YOUR OBJECTIVE: Exactly reproduce the data from its first line through the line with "魔都剁椒鱼头馆TOP1——许爷剁椒鱼头！", leaving out every line after it.

RECORDS PROVIDED:
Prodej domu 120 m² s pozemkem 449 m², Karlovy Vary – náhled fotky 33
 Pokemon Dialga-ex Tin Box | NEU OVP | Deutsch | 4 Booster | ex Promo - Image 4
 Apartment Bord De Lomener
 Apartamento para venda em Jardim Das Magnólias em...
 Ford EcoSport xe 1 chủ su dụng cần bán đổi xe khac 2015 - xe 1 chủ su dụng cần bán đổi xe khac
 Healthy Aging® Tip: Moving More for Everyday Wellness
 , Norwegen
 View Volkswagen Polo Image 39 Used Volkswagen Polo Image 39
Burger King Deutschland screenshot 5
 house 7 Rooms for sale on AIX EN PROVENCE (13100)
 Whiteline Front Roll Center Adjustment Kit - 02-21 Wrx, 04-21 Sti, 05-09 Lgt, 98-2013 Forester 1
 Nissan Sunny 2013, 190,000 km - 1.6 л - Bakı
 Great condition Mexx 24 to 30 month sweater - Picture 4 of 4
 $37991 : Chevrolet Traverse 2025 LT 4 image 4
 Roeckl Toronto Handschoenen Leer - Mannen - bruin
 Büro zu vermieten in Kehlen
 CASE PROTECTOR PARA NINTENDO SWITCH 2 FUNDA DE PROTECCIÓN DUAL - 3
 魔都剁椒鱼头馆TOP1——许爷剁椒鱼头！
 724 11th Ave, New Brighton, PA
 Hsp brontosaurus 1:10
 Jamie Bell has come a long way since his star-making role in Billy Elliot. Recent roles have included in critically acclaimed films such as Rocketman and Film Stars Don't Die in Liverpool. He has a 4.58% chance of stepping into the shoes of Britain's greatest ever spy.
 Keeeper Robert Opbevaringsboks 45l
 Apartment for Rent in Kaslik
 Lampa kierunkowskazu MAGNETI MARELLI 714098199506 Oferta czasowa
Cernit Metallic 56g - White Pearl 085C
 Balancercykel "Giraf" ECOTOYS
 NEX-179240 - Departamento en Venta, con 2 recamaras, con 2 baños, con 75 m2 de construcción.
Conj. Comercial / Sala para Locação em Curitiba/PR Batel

ANSWER BOX:
Prodej domu 120 m² s pozemkem 449 m², Karlovy Vary – náhled fotky 33
 Pokemon Dialga-ex Tin Box | NEU OVP | Deutsch | 4 Booster | ex Promo - Image 4
 Apartment Bord De Lomener
 Apartamento para venda em Jardim Das Magnólias em...
 Ford EcoSport xe 1 chủ su dụng cần bán đổi xe khac 2015 - xe 1 chủ su dụng cần bán đổi xe khac
 Healthy Aging® Tip: Moving More for Everyday Wellness
 , Norwegen
 View Volkswagen Polo Image 39 Used Volkswagen Polo Image 39
Burger King Deutschland screenshot 5
 house 7 Rooms for sale on AIX EN PROVENCE (13100)
 Whiteline Front Roll Center Adjustment Kit - 02-21 Wrx, 04-21 Sti, 05-09 Lgt, 98-2013 Forester 1
 Nissan Sunny 2013, 190,000 km - 1.6 л - Bakı
 Great condition Mexx 24 to 30 month sweater - Picture 4 of 4
 $37991 : Chevrolet Traverse 2025 LT 4 image 4
 Roeckl Toronto Handschoenen Leer - Mannen - bruin
 Büro zu vermieten in Kehlen
 CASE PROTECTOR PARA NINTENDO SWITCH 2 FUNDA DE PROTECCIÓN DUAL - 3
 魔都剁椒鱼头馆TOP1——许爷剁椒鱼头！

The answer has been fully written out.